▶ _Dataset records_

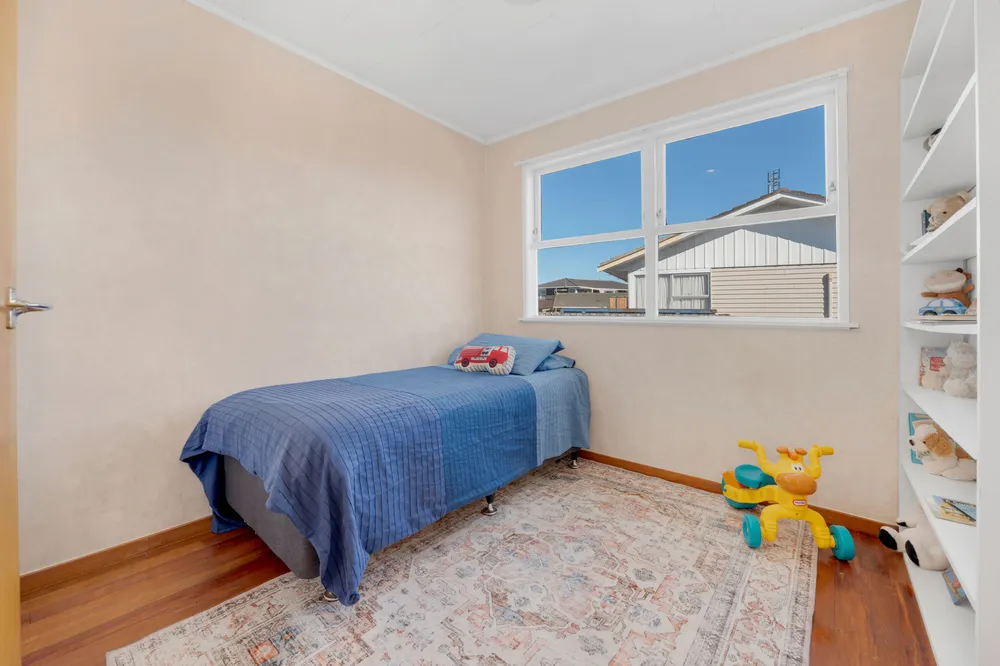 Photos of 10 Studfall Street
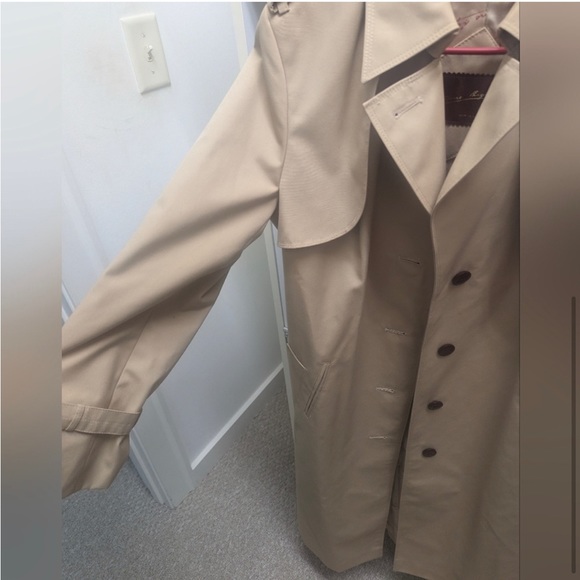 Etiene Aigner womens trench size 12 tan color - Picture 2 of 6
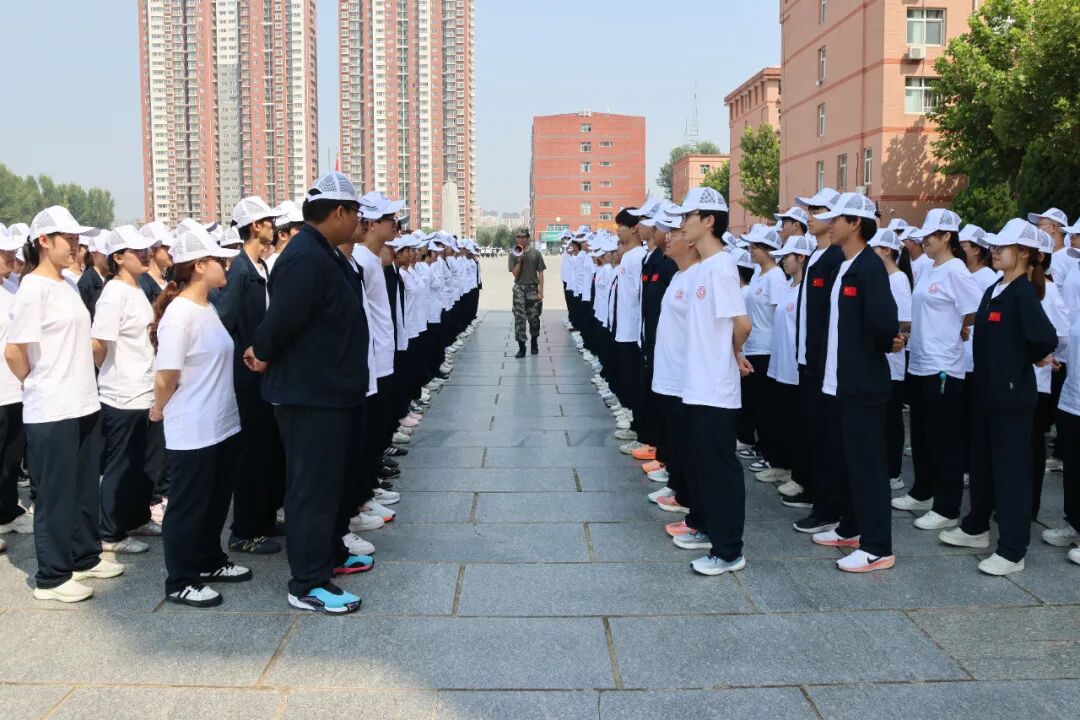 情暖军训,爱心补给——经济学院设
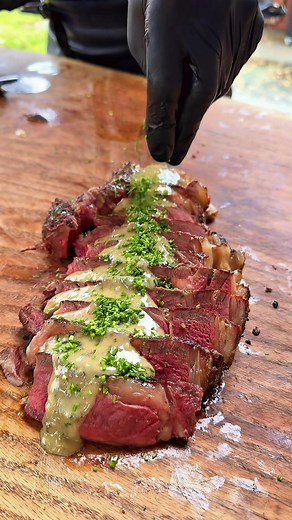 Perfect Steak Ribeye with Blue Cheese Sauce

--

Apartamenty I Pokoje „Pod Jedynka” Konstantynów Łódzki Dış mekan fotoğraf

▶ _Work to complete_
Keep to the lines above from the line with "情暖军训,爱心补给——经济学院设" to the line with "Perfect Steak Ribeye with Blue Cheese Sauce", and set down exactly those, inclusive, with nothing else and every picture left out.

▶ _Task result_
 情暖军训,爱心补给——经济学院设
 Perfect Steak Ribeye with Blue Cheese Sauce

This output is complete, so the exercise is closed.